Mirin and Teriyaki sauce

  |   Cooking, Food, Science   |   No comment

Japanese pantry basics bought, jet lag and karaoke bar hangover dispersed it was time to start cooking. But because I am a food technologist I need to know precisely what I’m dealing with.

In her book “Japanese Women Don’t Get Fat or Old” Naomi Moriyama talks about stocking one’s Tokyo kitchen with essential basic seasoning ingredients:




Sesame Oil

Rice Vinegar

Cooking Sake


Sesame seeds



Each one of those elements is a fascinating elixir of flavour precursors, probiotic by-products and centuries of applied food science. Not going to be easy to cover them in a single post, at least not properly.  The Crackling children were keen to get eating so on the promise of something with the world famous Teriyaki sauce they were held at bay long enough to evolve a strategy.
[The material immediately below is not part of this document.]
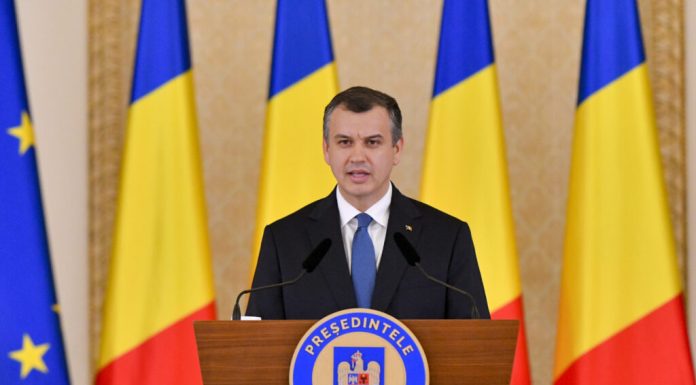 Așa arată posibilul Guvern al lui Eugen Tomac | SURSE: acestea sunt nominalizările pentru Justiție, Finanțe, Muncă sau Agricultură | Premierul desemnat are luni consultări cu partidele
Starting with Mirin, we will examine a different ingredient each week looking at its use in Japanese cooking, its origins and, of course, its chemical and nutritional credentials. In case you can’t wait, here’s a picture of that Teriyaki sauce over West Australian Kingfish. Recipe and the end of the post.


Mirin 味醂

The English on the label of my bottle of Mirin explains it is Sweet Cooking Sauce. Its ingredients are listed as glucose syrup, glutinous rice, 14% alcohol and Koji. It smells a little like the whiff you might get from a case of liqueur chocolates left over from last Christmas.


It looks very like a drug-testing sample bottle. However, it is a deliciously vital part of Japanese marinades and sauces and if you leave it out someone will surely notice. One its main functions is to impart a subtle sheen on account of all that glucose. See it making the Kingfish glisten up there?


All about the glutinous rice and the koji action.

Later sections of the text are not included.